Work item »
The line containing "Students sitting during" marks the end: output every line of the data up to it, and that line too, exactly as written.

Data »
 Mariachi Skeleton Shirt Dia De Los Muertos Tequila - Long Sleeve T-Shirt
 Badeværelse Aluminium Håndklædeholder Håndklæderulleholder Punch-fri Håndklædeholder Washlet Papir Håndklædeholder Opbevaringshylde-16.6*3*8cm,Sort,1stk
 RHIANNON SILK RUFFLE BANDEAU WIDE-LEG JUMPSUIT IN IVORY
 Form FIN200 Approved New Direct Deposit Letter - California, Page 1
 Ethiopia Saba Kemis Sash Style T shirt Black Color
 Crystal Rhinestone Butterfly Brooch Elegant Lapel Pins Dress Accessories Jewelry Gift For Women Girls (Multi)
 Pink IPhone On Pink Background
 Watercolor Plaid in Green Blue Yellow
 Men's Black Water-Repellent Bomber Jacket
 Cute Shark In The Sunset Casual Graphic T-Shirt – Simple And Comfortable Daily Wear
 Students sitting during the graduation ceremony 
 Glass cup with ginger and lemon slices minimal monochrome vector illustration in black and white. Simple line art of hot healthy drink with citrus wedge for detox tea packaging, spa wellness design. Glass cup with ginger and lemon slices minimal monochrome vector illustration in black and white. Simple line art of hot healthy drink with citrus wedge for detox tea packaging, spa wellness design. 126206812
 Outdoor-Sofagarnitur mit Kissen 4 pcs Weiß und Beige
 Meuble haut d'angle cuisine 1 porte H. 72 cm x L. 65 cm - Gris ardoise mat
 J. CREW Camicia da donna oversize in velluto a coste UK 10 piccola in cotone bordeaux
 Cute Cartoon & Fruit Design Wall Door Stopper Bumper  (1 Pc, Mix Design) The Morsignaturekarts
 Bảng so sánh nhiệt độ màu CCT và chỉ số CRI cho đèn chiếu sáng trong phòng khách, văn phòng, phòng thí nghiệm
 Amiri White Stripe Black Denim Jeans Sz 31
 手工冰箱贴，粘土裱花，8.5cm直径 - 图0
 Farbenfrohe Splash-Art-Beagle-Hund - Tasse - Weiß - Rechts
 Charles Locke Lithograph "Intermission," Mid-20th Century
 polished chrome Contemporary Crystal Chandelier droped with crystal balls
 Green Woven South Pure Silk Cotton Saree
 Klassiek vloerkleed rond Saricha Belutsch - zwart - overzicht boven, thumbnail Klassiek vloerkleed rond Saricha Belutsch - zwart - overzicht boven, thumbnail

Written answer »
 Mariachi Skeleton Shirt Dia De Los Muertos Tequila - Long Sleeve T-Shirt
 Badeværelse Aluminium Håndklædeholder Håndklæderulleholder Punch-fri Håndklædeholder Washlet Papir Håndklædeholder Opbevaringshylde-16.6*3*8cm,Sort,1stk
 RHIANNON SILK RUFFLE BANDEAU WIDE-LEG JUMPSUIT IN IVORY
 Form FIN200 Approved New Direct Deposit Letter - California, Page 1
 Ethiopia Saba Kemis Sash Style T shirt Black Color
 Crystal Rhinestone Butterfly Brooch Elegant Lapel Pins Dress Accessories Jewelry Gift For Women Girls (Multi)
 Pink IPhone On Pink Background
 Watercolor Plaid in Green Blue Yellow
 Men's Black Water-Repellent Bomber Jacket
 Cute Shark In The Sunset Casual Graphic T-Shirt – Simple And Comfortable Daily Wear
 Students sitting during the graduation ceremony 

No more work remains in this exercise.